Marguerite liked to dance, but people never thought she could and never watched
when she was dancing. Delilah liked to sing too, but her singing was the song of
the bullfrogs in the pond and no one listened. Leonora played many instruments,
but was shut up into her house to stay quiet rather than share this with anyone

One day a cat came to Pauline and asked for her sister. What a joy! But when
Pauline tried to respond, the cat ran away. It only heard a thousand rusty

Each night Sadora prayed for a gift to show itself to her. She had looked
everywhere for one and couldn't find it. She only found curses and fingers
touching her in her sleep.

Dolphine decided to make her own gift and ran away. She jumped on a train and
rode for a day. Then she jumped on a boat and rode for three days. Then she
jumped on a coach and rode for so long she didn't know how long it was, until she
arrived at a circus. The circus master put her in a shiny pink dress and taught
her how to dance on top of an elephant. Finally, someone would see her dance!
Dolphine danced and danced with all the heart inside of her. Then she realized
that people weren't coming to see her dance, they were coming to see the
elephants. Dolphine forgot how to dance on top of an elephant. She forgot how
to dance at all.

Mirelle left the circus by jumping off the circus train. She ran all through the
forest until she found a giant bird. She jumped on its back and flew over the
ocean. Finally the bird dropped her into a pond filled with bullfrogs. The
bullfrogs sang so beautifully that people came to see them. But the bullfrogs
didn't want Mirelle coming to sing with them. They only sang bullfrog songs and
did not think Mirelle could sing their songs. Mirelle opened her mouth to show
how she sang bullfrog songs, but all she could sing were the songs of the hissing
wind. Then, Mirelle could not sing any songs anymore--not bullfrogs, not hissing
wind, not ocean tumbling or sawing wood.

Lilian left the bullfrogs by grabbing the tail of a fish that swam away from the
pond. As she swam, the fingers kept touching her but she could not see them and
could not try to catch them because she was holding on to the fish. Three days
later the fish was caught on a hook and brought to the kitchen of the palace.
Lilian found in the kitchen, she could make music on the pots and pans and
entertain the cook. The cook laughed and Lilian was happy. The king did not
like the noise and made Lilian leave the kitchen. No more could Lilian make
music, not with pots or a piano or a guitar or a guilder.

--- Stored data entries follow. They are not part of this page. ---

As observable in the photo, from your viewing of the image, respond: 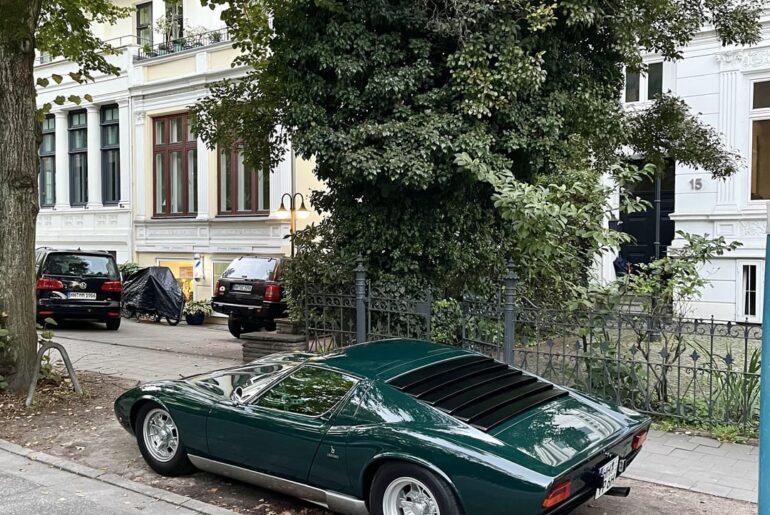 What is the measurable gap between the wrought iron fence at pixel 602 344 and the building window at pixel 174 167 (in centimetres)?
1306

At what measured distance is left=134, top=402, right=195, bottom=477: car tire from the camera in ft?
18.1

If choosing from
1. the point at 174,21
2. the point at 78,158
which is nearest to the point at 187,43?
the point at 174,21

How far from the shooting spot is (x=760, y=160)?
15.1m

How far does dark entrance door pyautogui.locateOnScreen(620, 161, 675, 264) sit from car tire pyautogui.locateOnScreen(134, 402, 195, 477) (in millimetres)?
13209

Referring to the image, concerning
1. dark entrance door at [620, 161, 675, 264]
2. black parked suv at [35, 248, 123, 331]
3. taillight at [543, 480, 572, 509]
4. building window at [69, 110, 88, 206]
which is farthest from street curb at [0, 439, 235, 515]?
building window at [69, 110, 88, 206]

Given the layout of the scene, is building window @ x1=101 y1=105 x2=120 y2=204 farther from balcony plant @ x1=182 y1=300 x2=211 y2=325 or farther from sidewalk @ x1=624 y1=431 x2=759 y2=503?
sidewalk @ x1=624 y1=431 x2=759 y2=503

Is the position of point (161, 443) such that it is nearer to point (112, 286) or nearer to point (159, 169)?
point (112, 286)

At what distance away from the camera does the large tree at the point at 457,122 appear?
7930mm

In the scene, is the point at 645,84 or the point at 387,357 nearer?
the point at 387,357

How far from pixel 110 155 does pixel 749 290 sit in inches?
784

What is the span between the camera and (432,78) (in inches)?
341

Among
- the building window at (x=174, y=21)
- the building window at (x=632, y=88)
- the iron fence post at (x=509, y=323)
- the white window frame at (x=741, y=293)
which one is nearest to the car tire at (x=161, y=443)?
the iron fence post at (x=509, y=323)

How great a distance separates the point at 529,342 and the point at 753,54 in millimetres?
10570

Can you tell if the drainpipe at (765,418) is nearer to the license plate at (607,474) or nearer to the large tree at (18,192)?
the license plate at (607,474) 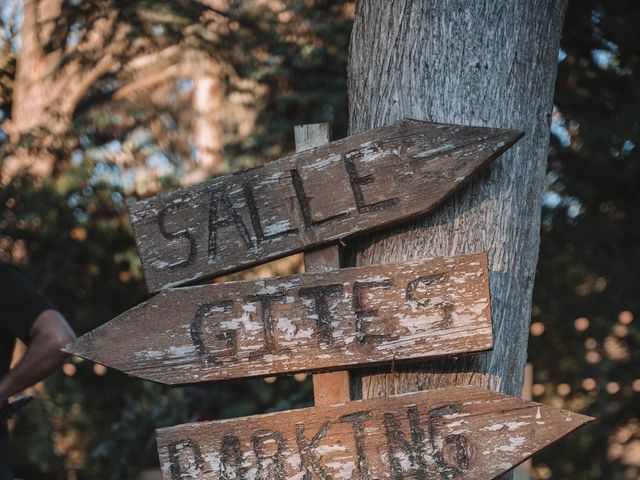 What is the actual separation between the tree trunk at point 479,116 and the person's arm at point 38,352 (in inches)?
39.4

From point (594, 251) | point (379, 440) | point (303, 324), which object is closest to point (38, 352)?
point (303, 324)

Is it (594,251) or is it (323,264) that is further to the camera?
(594,251)

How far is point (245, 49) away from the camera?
5.07 m

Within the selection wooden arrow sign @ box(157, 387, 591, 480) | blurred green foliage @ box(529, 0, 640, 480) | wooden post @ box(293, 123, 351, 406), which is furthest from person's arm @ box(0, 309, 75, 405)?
blurred green foliage @ box(529, 0, 640, 480)

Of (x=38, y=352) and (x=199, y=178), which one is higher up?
(x=199, y=178)

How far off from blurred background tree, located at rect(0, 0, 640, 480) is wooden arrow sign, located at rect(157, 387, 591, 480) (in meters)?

Anna Lisa decided to go home. "I flew," she told the sister who wanted to fly,
"and found nothing but pain." "Really?" the sister answered. "I flew too and
found my joy." "I couldn't stay home," she told the sister who was afraid to
fly. "Really?" the sister responded. "I stayed home and found my peace." "I
went to a place where bullfrogs sing, where pots make music and I danced on
elephants, and I found nothing but sorrow." "Really?" the sister replied. "I
rode across the sea to the place of unicorns, and found my dreams."

Kinselle was tired. She slept, and while she slept she wondered if she would
ever wake up. She had tried to find the things that brought her joy. She tried
to find her gift. She never found anything but the loss of the things she loved.
And through it all, she still had the curse, the curse of a thousand hinges on a
thousand doors whenever she tried to speak.